Was zu tun:Es ist wichtig, dass die Person die vom Endokrinologen verordnete Behandlung befolgt, da so die Glukosekonzentration auf einer angemessenen Konzentration gehalten und Komplikationen vermieden werden können.

Die Behandlung von Diabetes umfasst in der Regel die Einnahme von Medikamenten, die dabei helfen, die Menge der zirkulierenden Glukose zu regulieren, sowie die Verbesserung der Essgewohnheiten und der körperlichen Aktivität. Erfahren Sie, wie Diabetes behandelt wird.

4. Veränderungen in der Leber

Einige Veränderungen in der Leber können auch die Bildung von Calciumoxalatkristallen begünstigen, die durch Urinanalyse identifiziert werden. Darüber hinaus kann der Urintest bei Veränderungen in der Leber auch auf das Vorhandensein von Bilirubin und/oder Hämoglobin im Urin hinweisen. Sehen Sie sich andere Tests zur Beurteilung der Leber an.

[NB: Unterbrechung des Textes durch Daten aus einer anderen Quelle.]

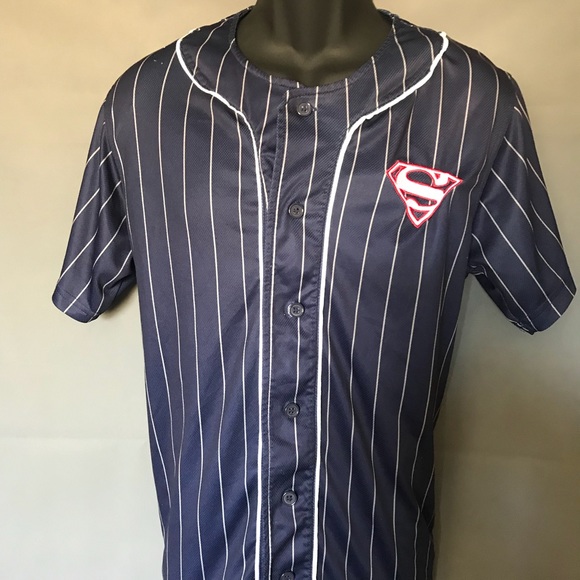 Superman jersey - Picture 2 of 4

Was zu tun: In diesem Fall ist es wichtig, dass ein Hepatologe oder Allgemeinmediziner konsultiert wird, damit eine vollständige Untersuchung der Leber durchgeführt und die Veränderung identifiziert und die am besten geeignete Behandlung eingeleitet werden kann.

5. Nierenerkrankungen

Auch Veränderungen der Nieren wie Infektionen, Entzündungen oder Nierenversagen können zum Auftreten von Calciumoxalatkristallen im Urin führen, da die Aktivität der Nieren beeinträchtigt sein kann, sodass der Filtrations- und Rückresorptionsprozess beeinträchtigt sein kann.

Was zu tun:Es ist wichtig, dass der Arzt, der den Test empfohlen hat, das Ergebnis auswertet und prüft, ob neben dem Vorhandensein von Kristallen noch andere Veränderungen vorliegen, damit die Ursache ermittelt und eine geeignete Behandlung eingeleitet werden kann, um schwerwiegendere Nierenschäden zu vermeiden.